Instructions to follow
All of the data that follows is to be written out exactly, with images excluded.
──────── Information supplied
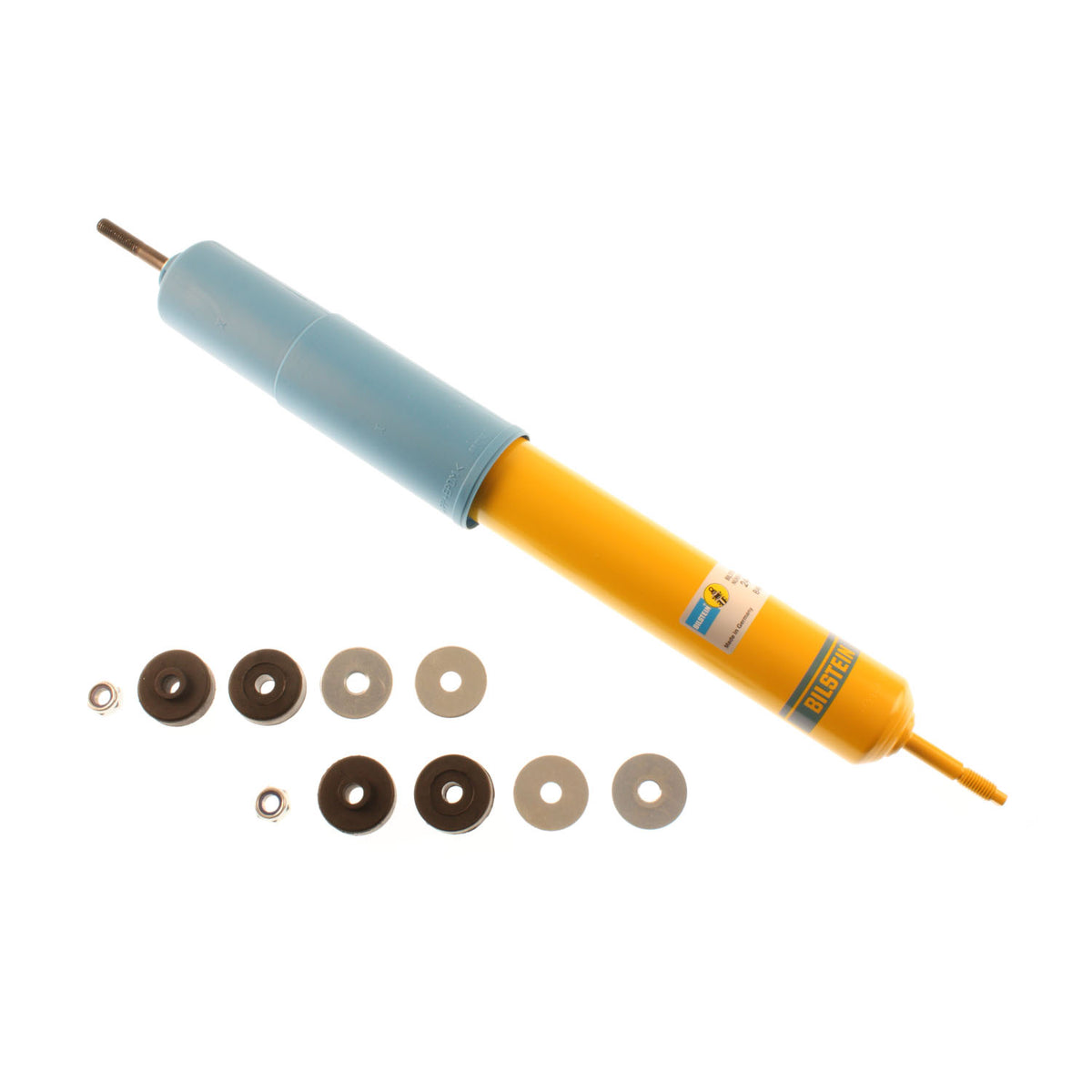 Bilstein 24-004732 - Suspension Shock Absorber Monotube Rear Alfa Romeo Berlina 1974-1969 Duetto 1600 1968-1966 Giulia Sprint 1966-1963 GTA 1965 GT Veloce 1974-1970 Montreal 1974-1972 Spider 1994-1969 Stem Stem Yellow Paint B6 Performance Bilstein 4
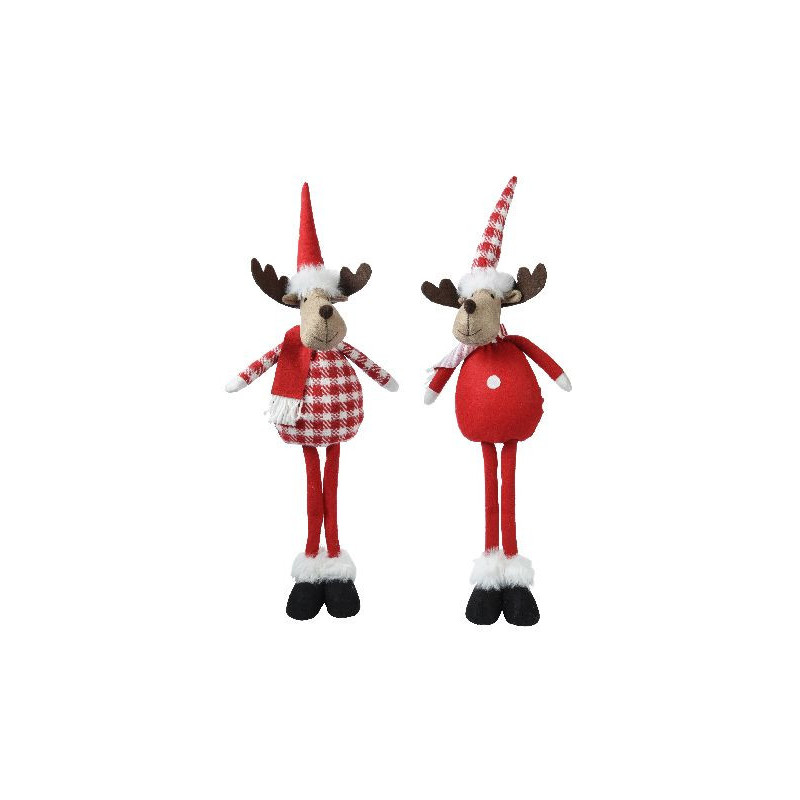 Cerf en polyester rouge l.18cm h60cm noël de Déco de Noël - Jardinerie Bordeaux et Libourne dans 🎅Figurine de Noël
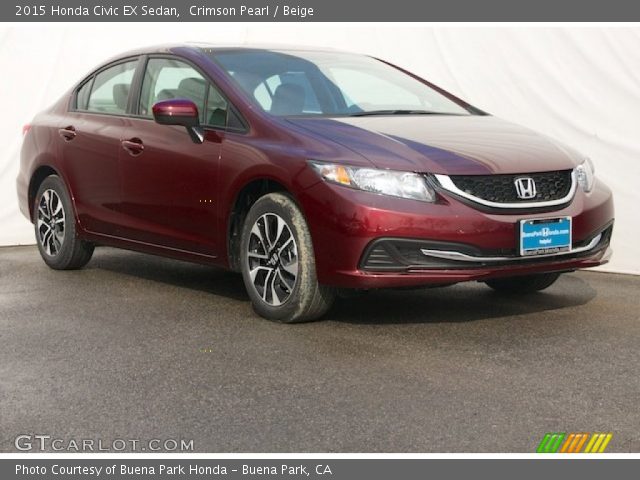 2015 Honda Civic EX Sedan in Crimson Pearl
────────────────
Result for this exercise
 Bilstein 24-004732 - Suspension Shock Absorber Monotube Rear Alfa Romeo Berlina 1974-1969 Duetto 1600 1968-1966 Giulia Sprint 1966-1963 GTA 1965 GT Veloce 1974-1970 Montreal 1974-1972 Spider 1994-1969 Stem Stem Yellow Paint B6 Performance Bilstein 4
 Cerf en polyester rouge l.18cm h60cm noël de Déco de Noël - Jardinerie Bordeaux et Libourne dans 🎅Figurine de Noël
 2015 Honda Civic EX Sedan in Crimson Pearl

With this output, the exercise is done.